In this talk, I will show how breaking the construction of the library website into as-needed, swappable microservices can free your content to live where it needs to, as well as free you from the maintenance headaches usually involved. What kind of microservices, you ask? Well, basic templating and styling is a given, but how about a microservice that gracefully degrades your layouts for older browsers? Or enforces highfalutin typographic rules? Or optimizes your site assets to improve load times? All wonderful little black boxes that allow you to focus on the website and its content, and not the details. I promise at least one diagram. That will burn your eyes.
GIS on the Cheap
- Tim Shearer (for Mike Graves), University of North Carolina at Chapel Hill, firstname.lastname@example.org
Code4Lib 2011, Wednesday 9 February, 13:00 - 13:20
Using a few tools that you probably already have laying around your library I'll show how OpenLayers can be used to create a dynamic interface for browsing and searching your digital collections geographically. With very little effort Solr can be made to serve up results directly into OpenLayers creating all sorts of mapping possibilities. With a little more effort a Postgres database can handle complex polygon searches. I'll talk about how we're developing a lightweight GIS framework to provide a new user experience for interacting with a number of our collections in unique ways.

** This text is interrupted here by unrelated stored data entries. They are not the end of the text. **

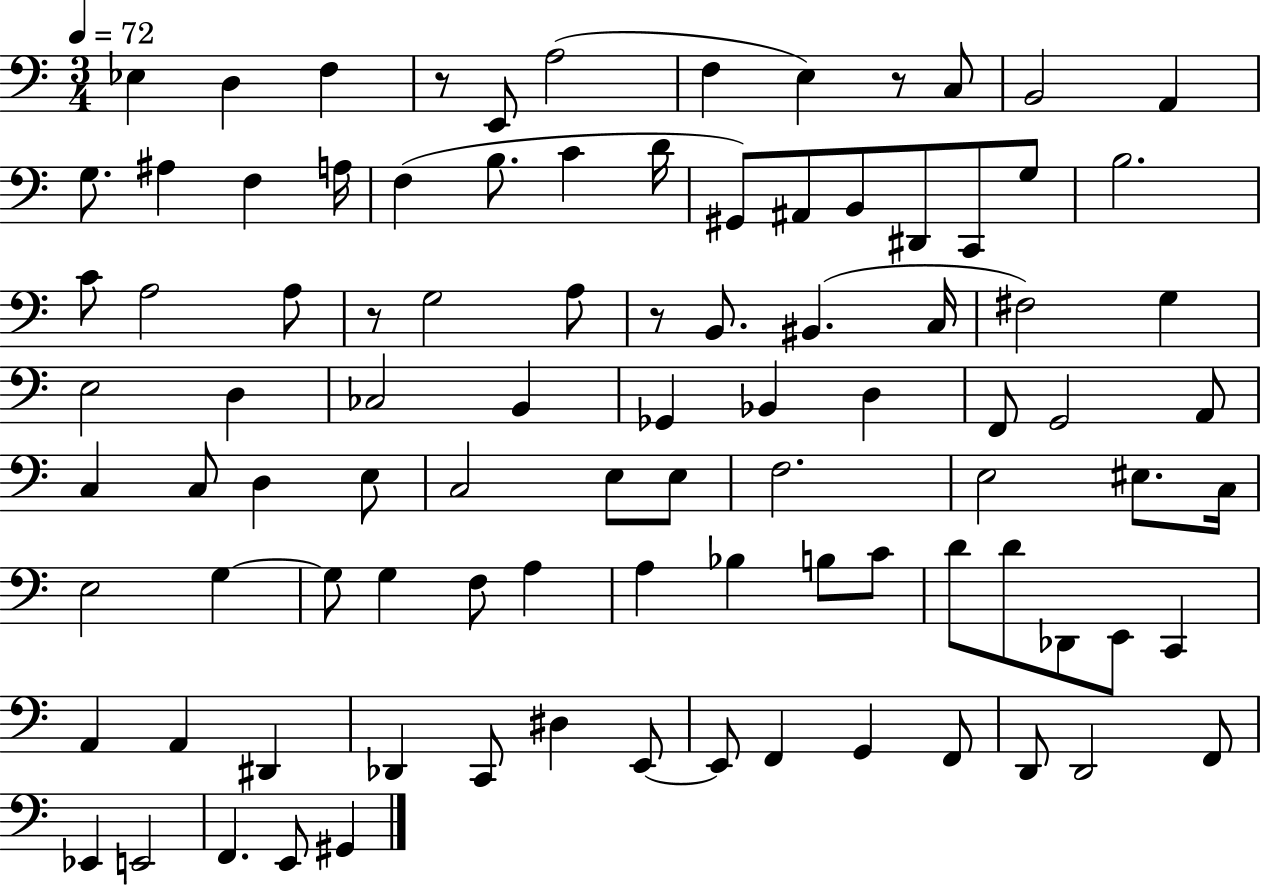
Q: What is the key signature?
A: C major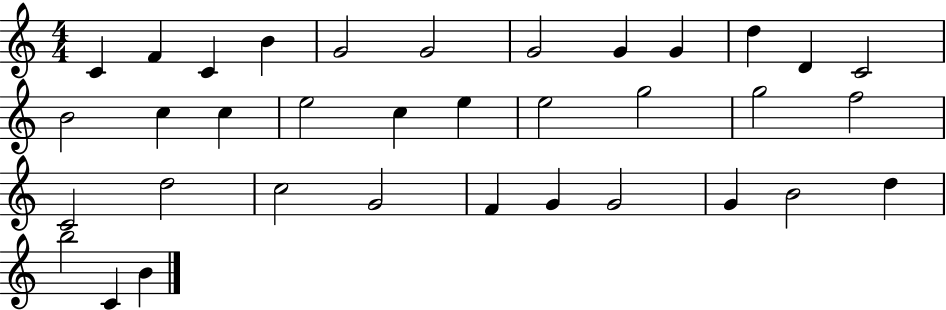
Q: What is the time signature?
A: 4/4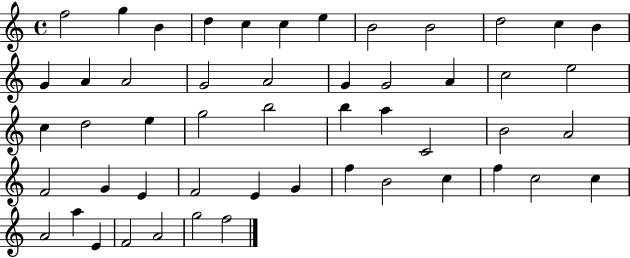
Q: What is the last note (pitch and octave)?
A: F5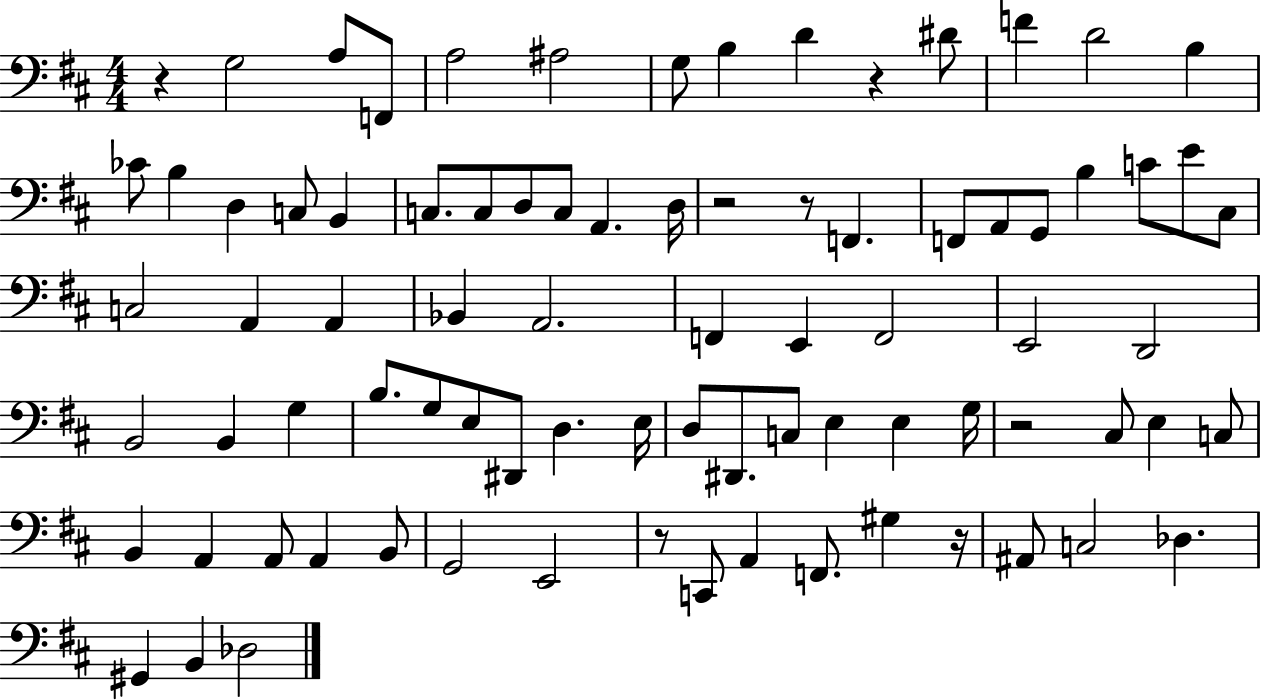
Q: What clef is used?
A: bass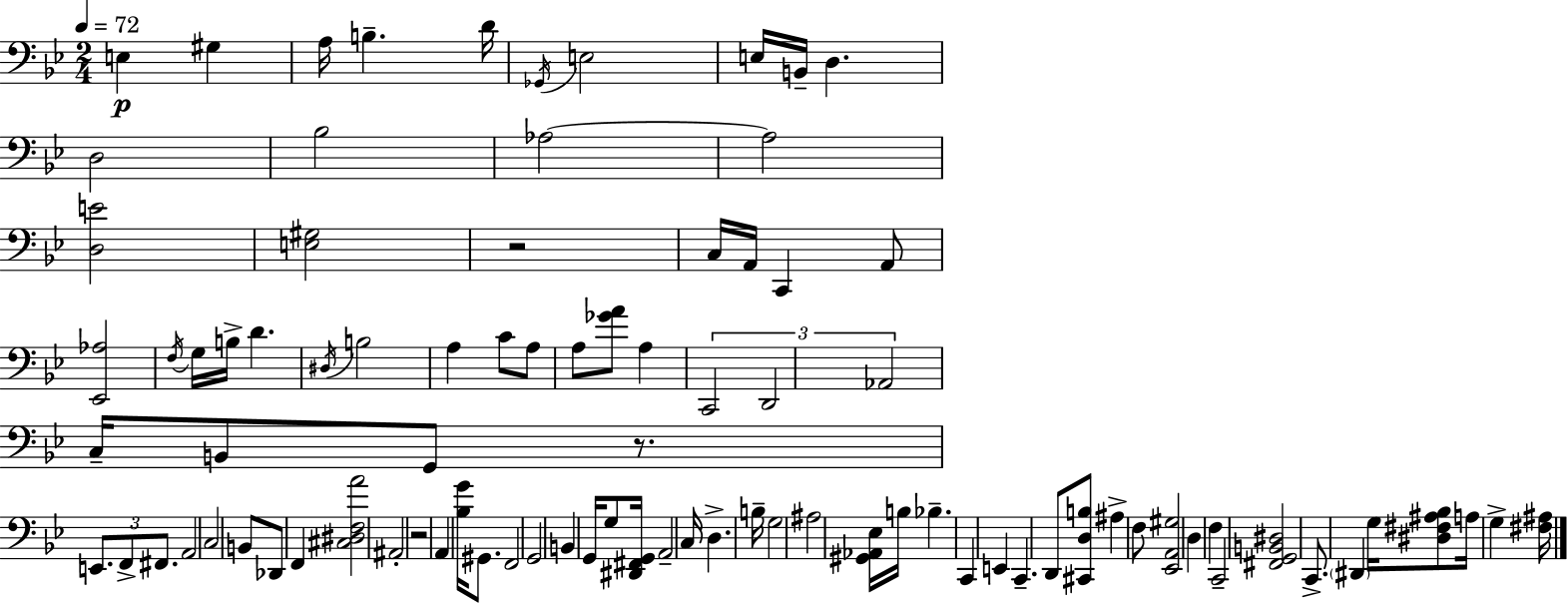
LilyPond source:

- Facilitated by Dan Chudnov
Code4Lib 2011, Wednesday 9 February, 11:15 - 12:00
AKA "Human Search Engine". A chance for you to ask a roomful of Code4Libbers anything that's on your mind: questions seeking answers (short or long), requests for things (hardware, software, skills, or help), or offers of things. We'll keep the pace fast, and the answers faster. Come with questions and line up at the start of the session and we'll go through as many as we can; sometimes we'll stop at finding the right person or people to answer a query and it'll be up to you to find each other after the session. Second time at Code4Lib!